ASSIGNMENT: Exact copy, pictures excluded: set down only the lines from the one with "Globe Electric Carter" through the end of the entries, keeping both end lines.

=====

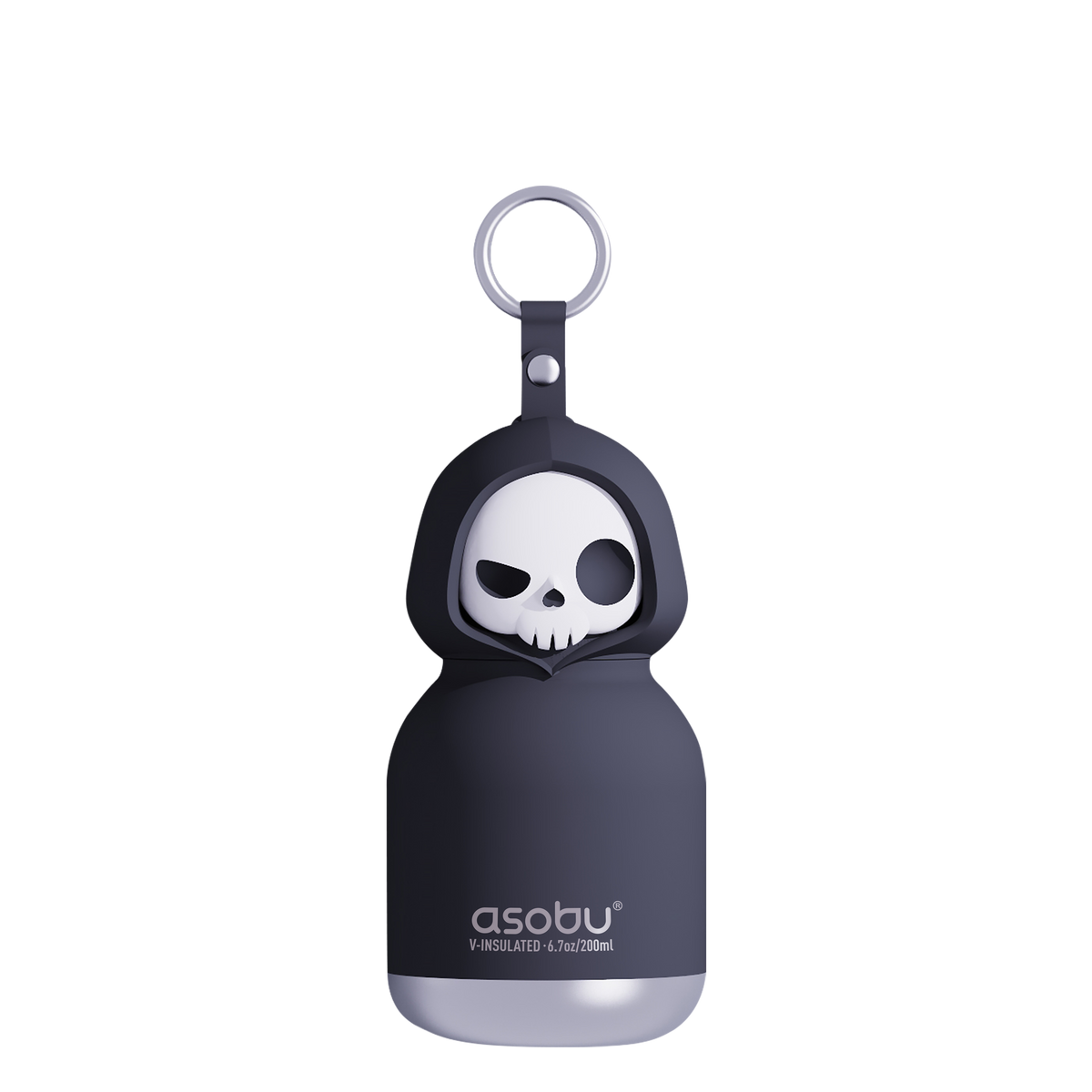 Butelka termiczna ze słomką Mini Spookie Asobu – Skeleton 200 ml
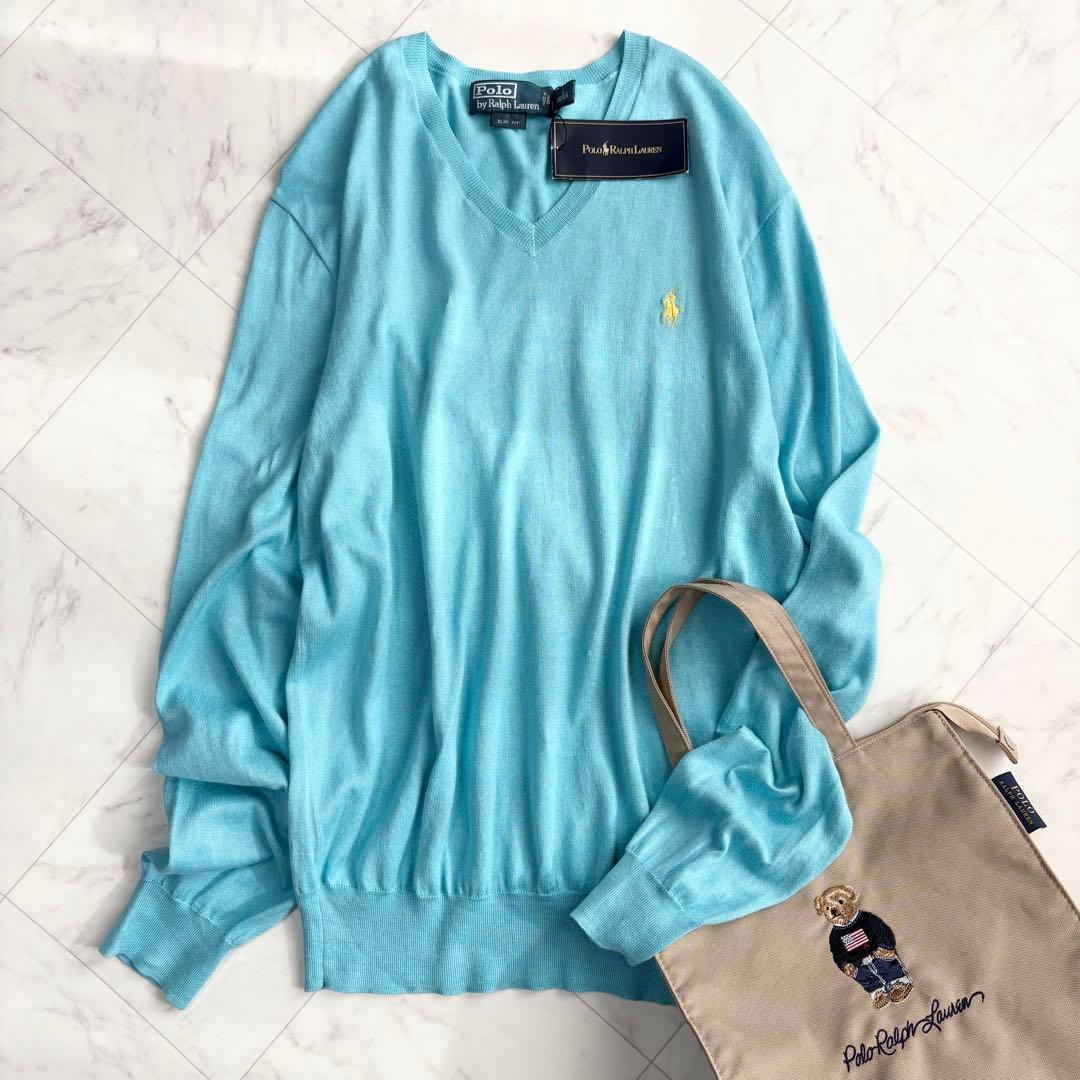 新品【ラルフローレン】Vネックニット　ポニーロゴ　薄手　コットン　水色　Y2K 古着 ラルフローレン Ralph Lauren RALPH LAUREN SPORT ケーブル編み V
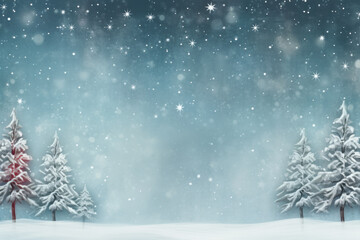 Snowy Blue Backdrop with Christmas Trees and Snowfall Generative AI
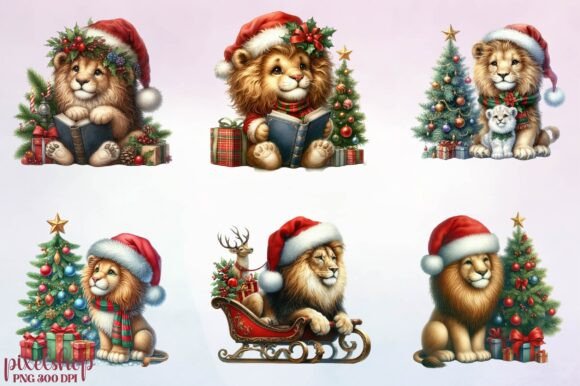 Watercolor Christmas Lion Clipart for Illustrations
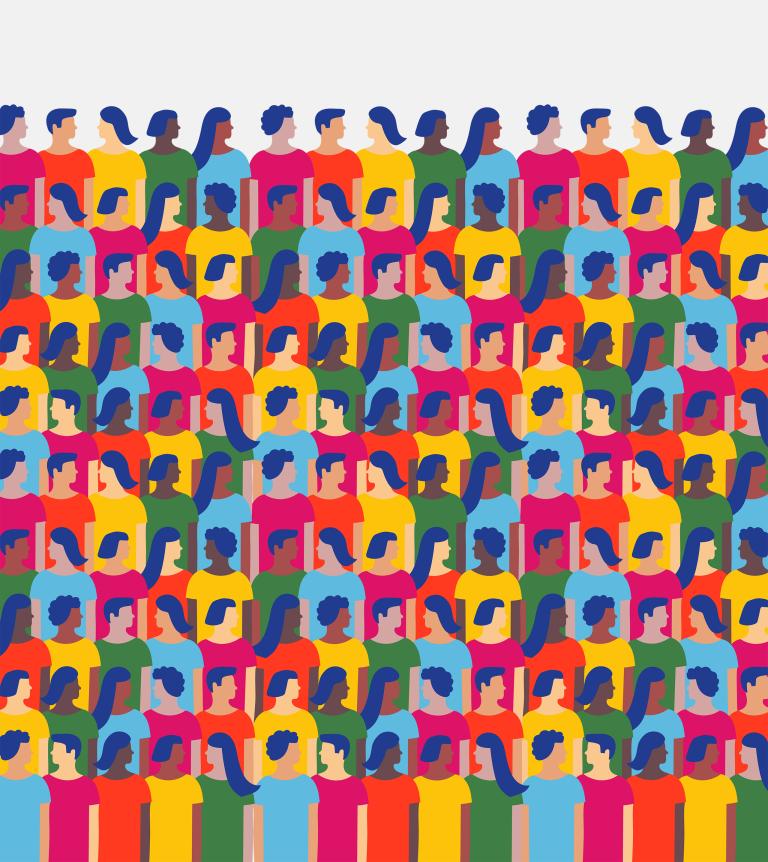 Graphic illustration of rows of people in colourful t-shirts looking at one another. Partially obscured.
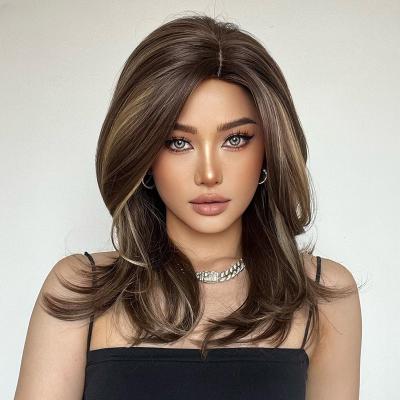 China Deep Wave Synthetic Women's Wavy Brown Long With Blonde Wigs Natural Wavy Heat Resistant Wig For Women Party Fashion Wigs for sale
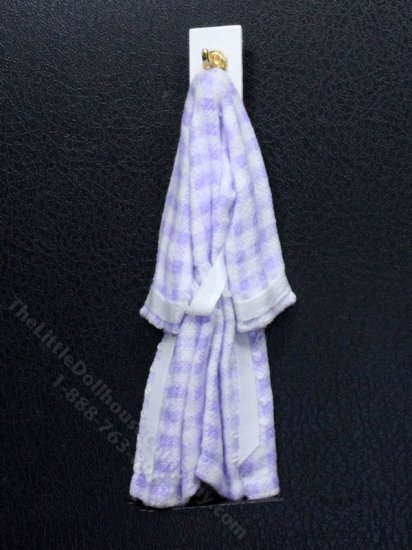 (image for) Miniature Purple Gingham Robe on Hook by Bette Jo Chudy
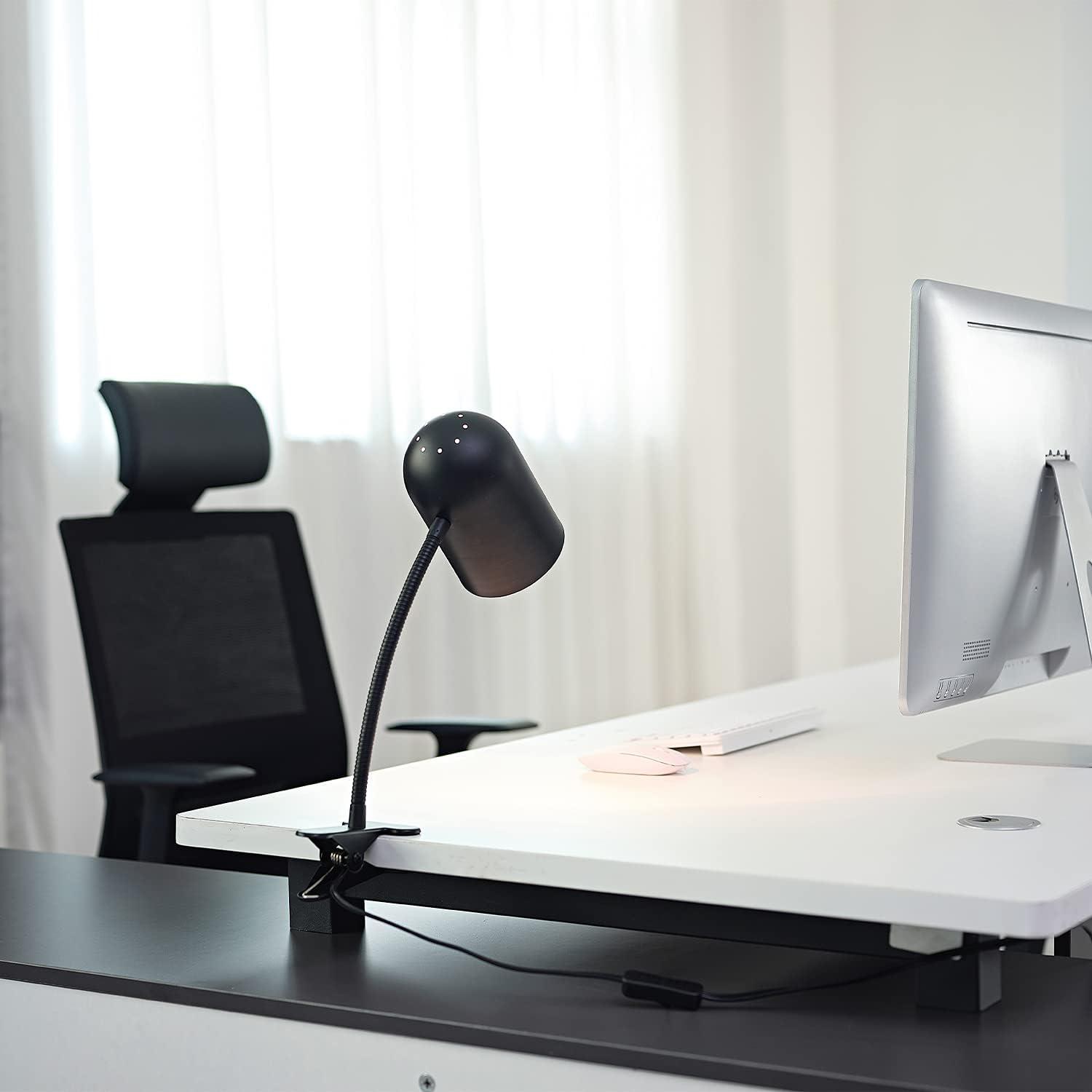 Globe Electric Carter 15" Matte Black Clip-Arm Desk Lamp with Adjustable Gooseneck Arm, 52301
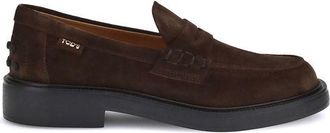 Tod's Tods Womens Suede Loafers - Dark Brown Rubber - Size 38.5 EU/IT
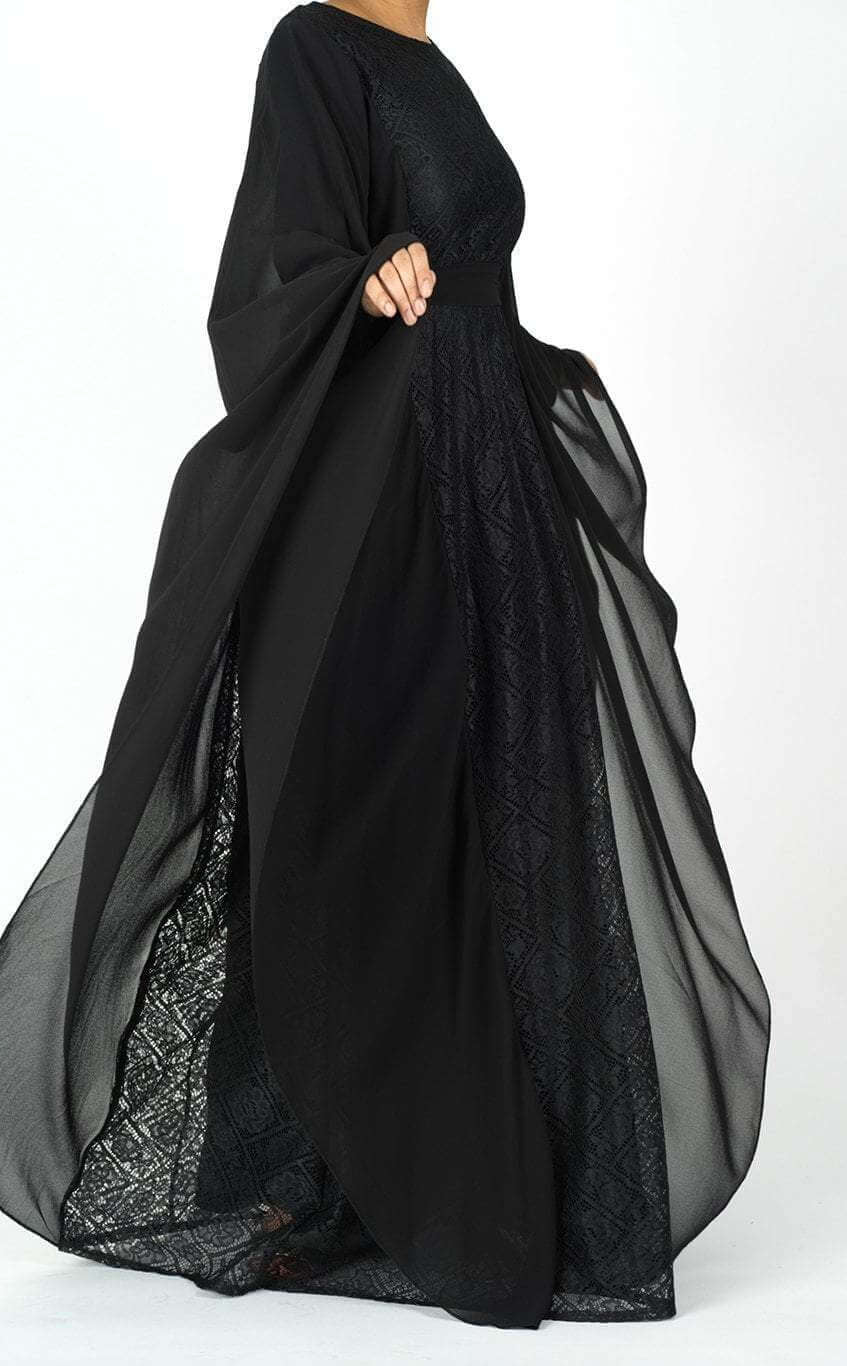 black butterfly Chiffon abaya Kabayare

=====

EXERCISE RESPONSE:
 Globe Electric Carter 15" Matte Black Clip-Arm Desk Lamp with Adjustable Gooseneck Arm, 52301
 Tod's Tods Womens Suede Loafers - Dark Brown Rubber - Size 38.5 EU/IT
 black butterfly Chiffon abaya Kabayare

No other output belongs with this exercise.